A rabbit possum will haunt YOU *IN* your nighties!

Herc
From: Joshua Cranmer on
On 06/28/2010 01:25 AM, |-|ercules wrote:
> GET IT RIGHT! LEARN TO make your insults CLEAR and SPECULATIVE!
> A rabbit possum will haunt YOU *IN* your nighties!

Actually, one of the definitions of "haunt" is (according to my
dictionary) "to visit frequently." If you consider your nightmares to be
a place for your mind to dwell, it is not hard for a rabid (not rabbit,
rabid) possum to haunt them.

Learn the English language before calling people out on it, mmmkay?

--
Beware of bugs in the above code; I have only proved it correct, not
tried it. -- Donald E. Knuth
From: |-|ercules on
"Joshua Cranmer" <Pidgeot18(a)verizon.invalid> wrote ...
> On 06/28/2010 01:25 AM, |-|ercules wrote:
>> GET IT RIGHT! LEARN TO make your insults CLEAR and SPECULATIVE!
>> A rabbit possum will haunt YOU *IN* your nighties!
>
> Actually, one of the definitions of "haunt" is (according to my
> dictionary) "to visit frequently." If you consider your nightmares to be
> a place for your mind to dwell, it is not hard for a rabid (not rabbit,
> rabid) possum to haunt them.


I don't mind people missing the point of my posts but NOBODY, NOBODY
denegrades the rabbit possum outside of the realm of dwelling minds meanwhile
denegrading my use of a living language with uncouth derelict terms mmmkay!

Herc
From: David Bernier on
Transfer Principle wrote:
> On Jun 24, 10:57 pm, David Bernier<david...(a)videotron.ca> wrote:
>> Tim Little wrote:
>>> True, but irrelevant to Cantor's proof (which uses the ordinary
>>> mathematical meaning) and everything else he's ranting about though.
>> I have this analogy between chess concepts and mathematics concepts
>> which occurred to me not long ago.
>> In chess, there are the Laws of chess. This I associate
>> to formal deductions in FOL ZFC. Anybody can check
>> a proof of Cantor's result that there is no bijection
>> between omega and P(omega); this would be
>> tedious and probably un-enlightening.
>
> But as not everyone is forced to play chess, not everyone
> is forced to use FOL+ZFC.
>
> Also, it's possible to know all the rules of chess, and
> nonetheless choose not to play it, or believe that the game
> isn't worth playing. Yet the "chess players" in this thread
> (the ZFC Herc-"religionists") insist that Herc doesn't know
> how to play chess (doesn't understand FOL+ZFC) merely
> because he doesn't want to play it (want to use FOL+ZFC).
>
> It's possible to know all the rules of a game and still not
> choose to play it, but this possibility has escaped most
> posters in this thread.
>
> This is how I interpret Bernier's analogy.

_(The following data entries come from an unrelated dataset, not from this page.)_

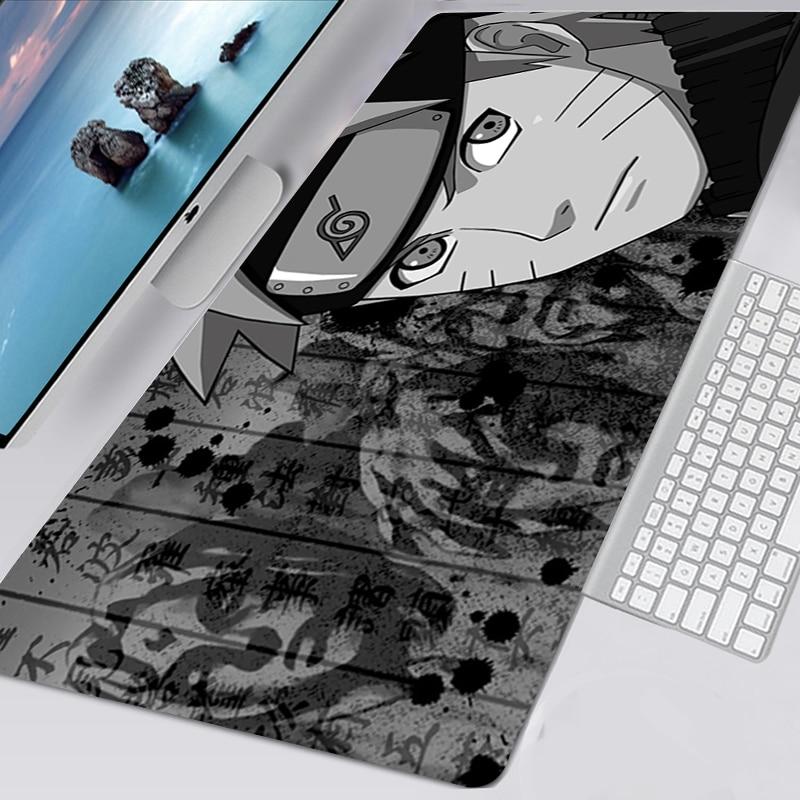 Tapis De Souris Kakashi Gaara Sasuke Design-Narutos Mouse Pad Gamer for Notebook Games Mouse Pad Anime Mousepad Deskmat Padmouse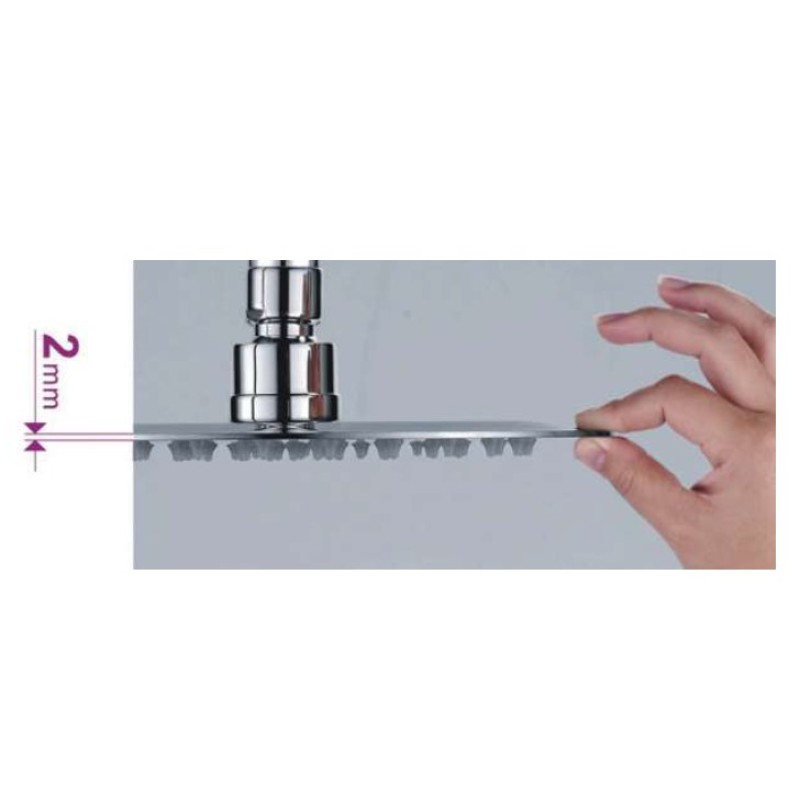 Κεφαλή ντους 20x20cm 45107 Moon Shower Κεφαλή ντους 20x20cm 45107 Moon Shower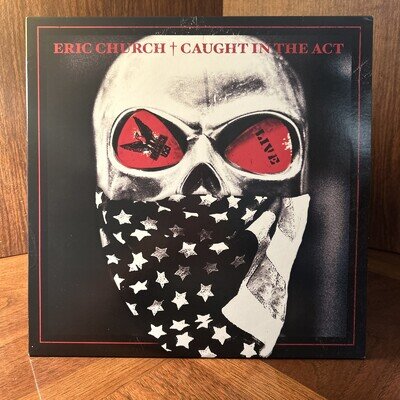 ERIC CHURCH Caught In The Act 2 LP 2017 RSD Red Vinyl RARE Only 2,500 Made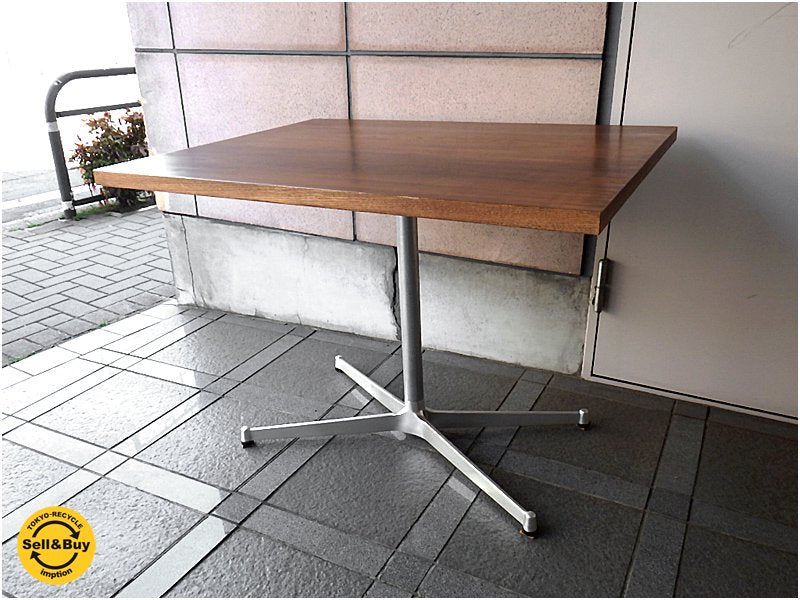 グリニッチ / greeniche オリジナル 『 スタンダード カフェテーブル ・ 90×70 』 オーク無垢トップ( 天然樹脂塗装 / ブラウン )&Xレッグ ★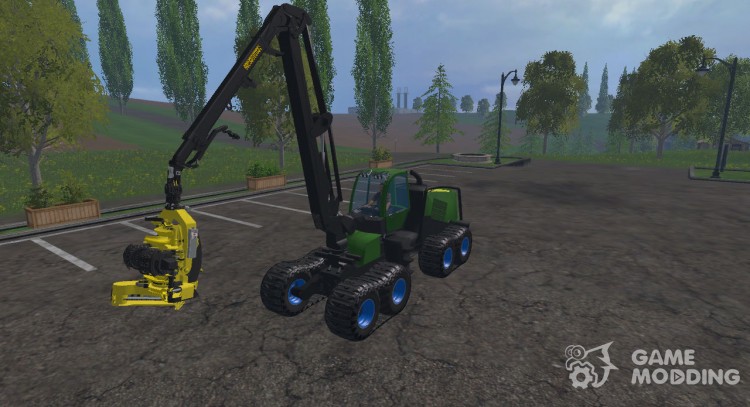 John Deere 1270E roll for Farming Simulator 2015
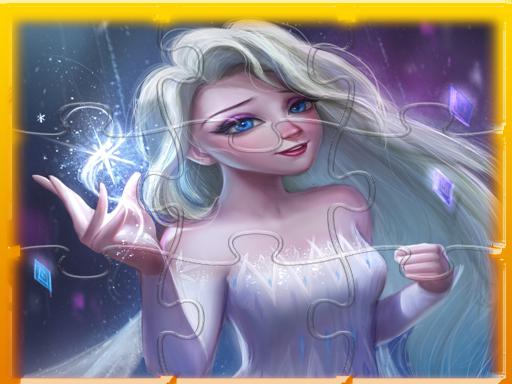 Elsa Frozen Jigsaw Puzzle - free online Browser game
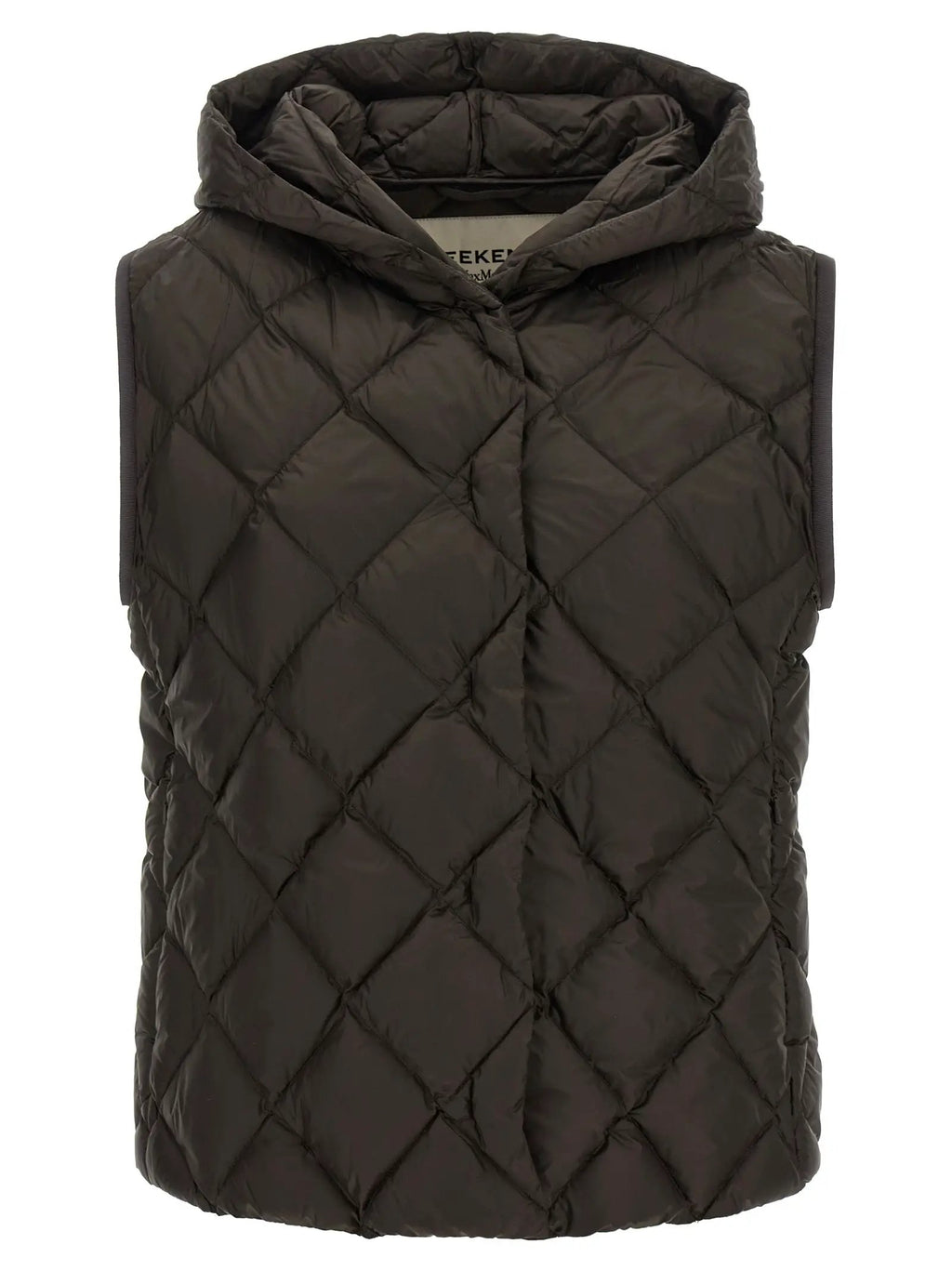 Max Mara Brown Polyester Sleeveless Jacket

I was thinking of first order set theory (ZFC),
without any defined terms; for example,

the following is a standard defined term: _ordered_pair_ .
The ordered pair (x, y) := { {x}, {x, y} } . (Kuratowski def.)
Reference:
< http://en.wikipedia.org/wiki/Ordered_pair>

Getting rid of all defined terms, one is left with
bare set theory.

Then a well-formed formula (or just formula)
with the free variable f expressing:
"f is a function from omega to P(omega)"
becomes long and unwieldy.

Once I wrote a computer program to re-write formulas
so that no defined terms were used: only
element of and logical connectives and quantifiers
were allowed. Then " x is the Real numbers"
was re-written as a very long formula.

So my point is, even with the Laws of ZFC,
non-trivial formulas are often unwieldy when
all is re-written with no use of defined terms.